Records from a dataset
↓

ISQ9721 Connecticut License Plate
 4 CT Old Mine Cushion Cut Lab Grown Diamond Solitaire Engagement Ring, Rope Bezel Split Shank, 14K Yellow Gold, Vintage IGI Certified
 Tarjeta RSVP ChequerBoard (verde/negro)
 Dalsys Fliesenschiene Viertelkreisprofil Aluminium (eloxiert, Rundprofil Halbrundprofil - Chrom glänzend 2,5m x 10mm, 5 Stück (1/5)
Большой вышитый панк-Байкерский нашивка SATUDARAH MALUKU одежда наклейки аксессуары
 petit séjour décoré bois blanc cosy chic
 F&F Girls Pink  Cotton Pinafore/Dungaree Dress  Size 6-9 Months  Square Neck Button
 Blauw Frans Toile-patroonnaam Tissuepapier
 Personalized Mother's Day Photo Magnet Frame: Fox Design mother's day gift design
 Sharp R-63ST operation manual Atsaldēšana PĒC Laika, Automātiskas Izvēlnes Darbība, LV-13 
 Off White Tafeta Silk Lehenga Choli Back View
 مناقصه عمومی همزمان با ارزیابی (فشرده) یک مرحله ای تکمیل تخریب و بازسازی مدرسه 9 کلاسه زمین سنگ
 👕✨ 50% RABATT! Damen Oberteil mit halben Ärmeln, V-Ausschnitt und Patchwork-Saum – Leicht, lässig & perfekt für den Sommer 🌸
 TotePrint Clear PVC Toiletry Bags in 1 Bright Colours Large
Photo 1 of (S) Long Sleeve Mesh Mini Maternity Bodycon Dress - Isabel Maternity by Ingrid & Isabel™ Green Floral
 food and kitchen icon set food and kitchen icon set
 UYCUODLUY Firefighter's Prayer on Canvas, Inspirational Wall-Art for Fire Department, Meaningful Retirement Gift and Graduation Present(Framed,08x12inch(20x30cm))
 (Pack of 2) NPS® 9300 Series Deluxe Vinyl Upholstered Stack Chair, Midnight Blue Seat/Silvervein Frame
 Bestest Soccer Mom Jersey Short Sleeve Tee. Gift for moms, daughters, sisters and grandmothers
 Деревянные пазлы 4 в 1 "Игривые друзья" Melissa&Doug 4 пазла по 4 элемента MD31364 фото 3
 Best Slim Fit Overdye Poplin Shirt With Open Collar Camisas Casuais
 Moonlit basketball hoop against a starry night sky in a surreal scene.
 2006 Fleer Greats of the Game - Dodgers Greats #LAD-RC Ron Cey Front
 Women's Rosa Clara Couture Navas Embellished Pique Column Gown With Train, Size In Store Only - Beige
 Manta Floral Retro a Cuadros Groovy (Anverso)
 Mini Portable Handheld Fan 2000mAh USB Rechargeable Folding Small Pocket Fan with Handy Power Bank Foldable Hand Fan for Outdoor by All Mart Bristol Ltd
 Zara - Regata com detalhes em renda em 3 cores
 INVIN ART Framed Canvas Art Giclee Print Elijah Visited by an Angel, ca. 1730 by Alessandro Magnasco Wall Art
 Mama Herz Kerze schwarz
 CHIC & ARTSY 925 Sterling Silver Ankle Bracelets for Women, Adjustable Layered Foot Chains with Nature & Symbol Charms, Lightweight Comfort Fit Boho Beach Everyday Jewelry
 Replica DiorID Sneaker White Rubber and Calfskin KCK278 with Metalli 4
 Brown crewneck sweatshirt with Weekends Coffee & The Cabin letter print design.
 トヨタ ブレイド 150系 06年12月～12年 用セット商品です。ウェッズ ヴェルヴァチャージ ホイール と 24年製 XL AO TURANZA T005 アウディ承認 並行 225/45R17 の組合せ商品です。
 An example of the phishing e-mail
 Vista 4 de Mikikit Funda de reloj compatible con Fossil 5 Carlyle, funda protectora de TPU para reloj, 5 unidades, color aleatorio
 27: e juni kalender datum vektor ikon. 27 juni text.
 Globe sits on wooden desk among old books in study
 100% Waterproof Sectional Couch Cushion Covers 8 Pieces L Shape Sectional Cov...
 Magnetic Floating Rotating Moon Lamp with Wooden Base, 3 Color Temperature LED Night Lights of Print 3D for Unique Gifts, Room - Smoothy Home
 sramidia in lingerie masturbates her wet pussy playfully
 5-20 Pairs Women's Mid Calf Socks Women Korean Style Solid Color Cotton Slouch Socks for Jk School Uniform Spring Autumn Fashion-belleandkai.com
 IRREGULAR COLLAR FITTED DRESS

↑

• _ASSIGNMENT_:
Extract from the data every line where "Wall" shows up.

• _TASK RESULT_:
 UYCUODLUY Firefighter's Prayer on Canvas, Inspirational Wall-Art for Fire Department, Meaningful Retirement Gift and Graduation Present(Framed,08x12inch(20x30cm))
 INVIN ART Framed Canvas Art Giclee Print Elijah Visited by an Angel, ca. 1730 by Alessandro Magnasco Wall Art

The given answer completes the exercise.